Coopetition-Gym Documentation

Multi-Agent Reinforcement Learning Environments for Strategic Coopetition

Compatibility and Requirements

Framework Compatibility

Framework	Version	Status	Notes
Python	3.9, 3.10, 3.11	Tested	3.9+ required
Gymnasium	0.29+	Compatible	Farama Foundation standard
PettingZoo	1.24+	Compatible	Parallel and AEC APIs
NumPy	1.21+	Required	Core dependency
SciPy	1.7+	Required	Mathematical functions

MARL Framework Integration

Framework	Integration	Notes
Stable-Baselines3	Direct	Use Gymnasium API with VecEnv
RLlib	Direct	Use PettingZoo API with MultiAgentEnv
TorchRL	Compatible	Use Gymnasium API
CleanRL	Compatible	Single-file implementations

Verification

import coopetition_gym
import gymnasium
import pettingzoo

# Verify installation
print(f"Coopetition-Gym environments: {len(coopetition_gym.list_environments())}")
print(f"Gymnasium version: {gymnasium.__version__}")
print(f"PettingZoo version: {pettingzoo.__version__}")

# Quick environment test
env = coopetition_gym.make("TrustDilemma-v0")
obs, info = env.reset(seed=42)
print(f"Observation shape: {obs.shape}")
print(f"Action space: {env.action_space}")

Overview

Coopetition-Gym is a Python research library providing multi-agent reinforcement learning environments for studying coopetitive dynamics,scenarios where agents must simultaneously cooperate and compete. The library implements mathematical frameworks from published research:

Key Features

20 Specialized Environments spanning dyadic relationships to multi-agent ecosystems
Validated Case Studies based on real business partnerships (Samsung-Sony, Renault-Nissan, Apache, Apple App Store)
Trust Dynamics with asymmetric updating and reputation hysteresis
Multiple APIs: Gymnasium (single-agent), PettingZoo Parallel, and PettingZoo AEC
Configurable Parameters for research flexibility

Modeling Approach

Coopetition-Gym v1.x implements the uniaxial treatment of coopetition, modeling strategic choice along the cooperation-defection continuum (Bengtsson & Kock, 2000). Agents choose cooperation levels in [0, endowment], with competitive dynamics emerging through structural parameters (interdependence matrix, bargaining shares, trust evolution). This foundational approach enables computational tractability while capturing core coopetitive phenomena validated against real-world cases.

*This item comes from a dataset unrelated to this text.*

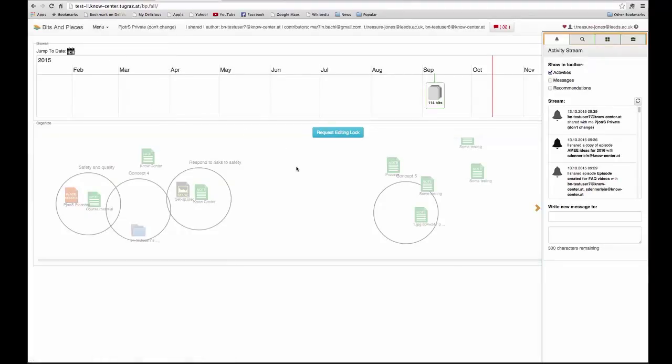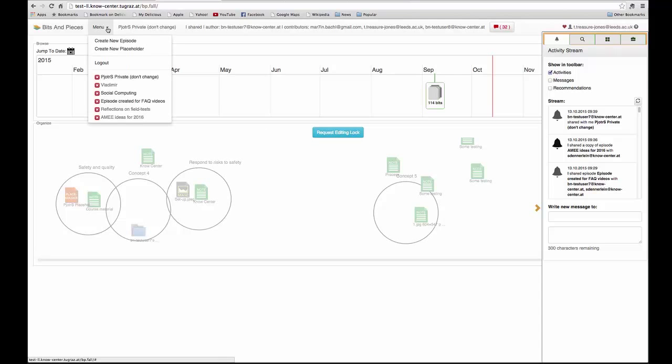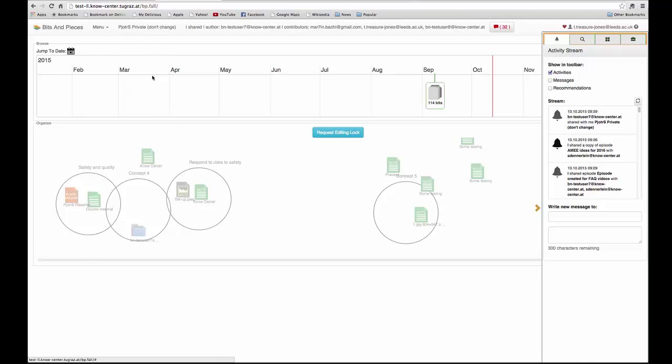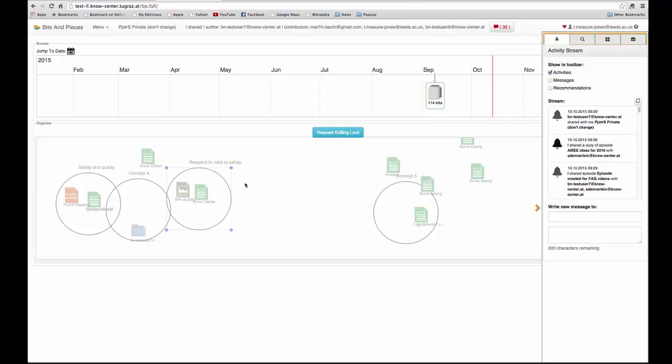If someone else has shared a learning episode with me, then I can find it on my menu and I will see that at first it doesn't appear that I can edit it.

Future versions will introduce biaxial treatment with independent cooperation and competition dimensions, following Brandenburger & Nalebuff (1996). See Scope and Strategic Roadmap for theoretical rationale and extension plans.

Quick Start

Installation

# Clone the repository
git clone https://github.com/your-org/strategic-coopetition.git
cd strategic-coopetition/coopetition_gym

# Install in development mode
pip install -e .

# Install with all dependencies
pip install -e ".[dev,viz,rl]"

Basic Usage

import coopetition_gym
import numpy as np

# Create environment
env = coopetition_gym.make("TrustDilemma-v0")

# Reset and run episode
obs, info = env.reset(seed=42)
done = False

while not done:
    # Agents choose cooperation levels
    actions = np.array([50.0, 50.0])  # 50% cooperation each
    obs, rewards, terminated, truncated, info = env.step(actions)
    done = terminated or truncated

print(f"Final trust: {info['mean_trust']:.2f}")

PettingZoo APIs

# Parallel API (simultaneous moves)
env = coopetition_gym.make_parallel("PlatformEcosystem-v0")
observations, infos = env.reset()
actions = {agent: env.action_space(agent).sample() for agent in env.agents}
observations, rewards, terminations, truncations, infos = env.step(actions)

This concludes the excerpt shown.